Supplied data ->

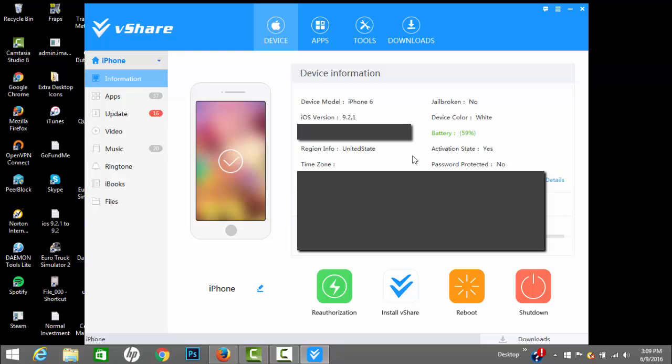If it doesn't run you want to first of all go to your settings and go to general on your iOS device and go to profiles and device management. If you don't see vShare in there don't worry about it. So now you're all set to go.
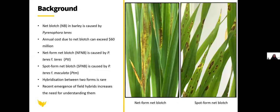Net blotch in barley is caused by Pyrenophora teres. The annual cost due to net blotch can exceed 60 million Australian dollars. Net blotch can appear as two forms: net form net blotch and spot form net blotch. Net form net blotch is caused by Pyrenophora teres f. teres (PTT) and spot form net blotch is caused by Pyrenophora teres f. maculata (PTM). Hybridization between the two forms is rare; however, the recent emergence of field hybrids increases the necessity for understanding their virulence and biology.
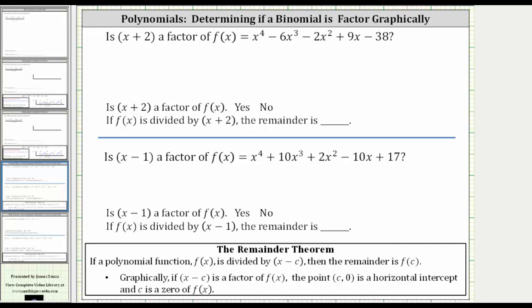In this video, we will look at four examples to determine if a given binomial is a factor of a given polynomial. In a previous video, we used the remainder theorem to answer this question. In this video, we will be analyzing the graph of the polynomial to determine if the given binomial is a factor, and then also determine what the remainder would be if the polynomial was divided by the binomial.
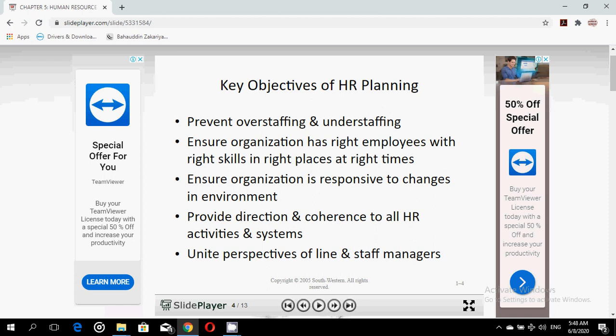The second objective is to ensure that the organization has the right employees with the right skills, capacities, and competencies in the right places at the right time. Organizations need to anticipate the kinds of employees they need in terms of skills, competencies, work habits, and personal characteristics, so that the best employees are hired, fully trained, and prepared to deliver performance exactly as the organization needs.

What you should do -> Return each line of the material exactly as written; exclude the pictures.

Solution to this problem ->
If it doesn't run you want to first of all go to your settings and go to general on your iOS device and go to profiles and device management. If you don't see vShare in there don't worry about it. So now you're all set to go.
Net blotch in barley is caused by Pyrenophora teres. The annual cost due to net blotch can exceed 60 million Australian dollars. Net blotch can appear as two forms: net form net blotch and spot form net blotch. Net form net blotch is caused by Pyrenophora teres f. teres (PTT) and spot form net blotch is caused by Pyrenophora teres f. maculata (PTM). Hybridization between the two forms is rare; however, the recent emergence of field hybrids increases the necessity for understanding their virulence and biology.
In this video, we will look at four examples to determine if a given binomial is a factor of a given polynomial. In a previous video, we used the remainder theorem to answer this question. In this video, we will be analyzing the graph of the polynomial to determine if the given binomial is a factor, and then also determine what the remainder would be if the polynomial was divided by the binomial.
The second objective is to ensure that the organization has the right employees with the right skills, capacities, and competencies in the right places at the right time. Organizations need to anticipate the kinds of employees they need in terms of skills, competencies, work habits, and personal characteristics, so that the best employees are hired, fully trained, and prepared to deliver performance exactly as the organization needs.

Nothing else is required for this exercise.